During a trip through the Amazon rain forest, a group of entomologists, including photographer Jerry Manley, who is battling a terrible flu, capture various bugs in an effort to examine them. This includes the accidental capture of a new breed of venomous spider that’s aggressive and prone to attacking its prey. One of the spider jumps in to the back pack of the Jerry’s, biting him in his tent, and he later dies a horrible death. Pointing his death to the flu and oblivious to the spider, Jerry’s body is shipped back to his home town in California, with the spider stowing away in his coffin. With the spider now loose in the California town, it begins breeding and wreaking havoc on town residents, leaving a trail of dead bodies in its path.

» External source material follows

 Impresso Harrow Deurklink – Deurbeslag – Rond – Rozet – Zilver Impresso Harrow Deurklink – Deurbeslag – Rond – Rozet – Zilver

Now it’s up to physician Ross Jennings, as played by Jeff Daniels, to investigate the murders and track the spiders, despite the fact he suffers from a crippling case of arachnophobia. Little does he know the nest of spiders originate from his own barn. I spent most of my childhood watching this movie with my eyes closed, because director Marshall milks the spider phobia for all it’s worth. There are scenes of spiders crawling through drain pipes, in to food, in to mouths, out of animals, and it’s a never ending ick fest as they begin to take over a small town. Truthfully, “Arachnophobia” is a slasher film with spiders doing the work for the masked serial killer, and director Marshall twists that formula around for a diverse audience.

It’s gross and scary, while also an interesting adventure that attempts to channel the likes of “Jaws.” The spiders are an absolute threat to civilization soon enough as their venom producers horrific effects on its victims, and their domination ensures a natural disaster. Daniels plays the role of the inadvertent hero well, being forced to battle his own phobia in an attempt to save others. John Goodman is excellent as exterminator Delbert McClintock, who is introduced in the film as an exterminator with a vast knowledge of bugs, who joins in the fight to stop the growing species, and end the cycle of the spiders with their gigantic queen lurking in the darkness. “Arachnophobia” despite its occasional gross out moments, is still an entertaining and creepy monster film with humans battling spiders of the venomous and gigantic kind.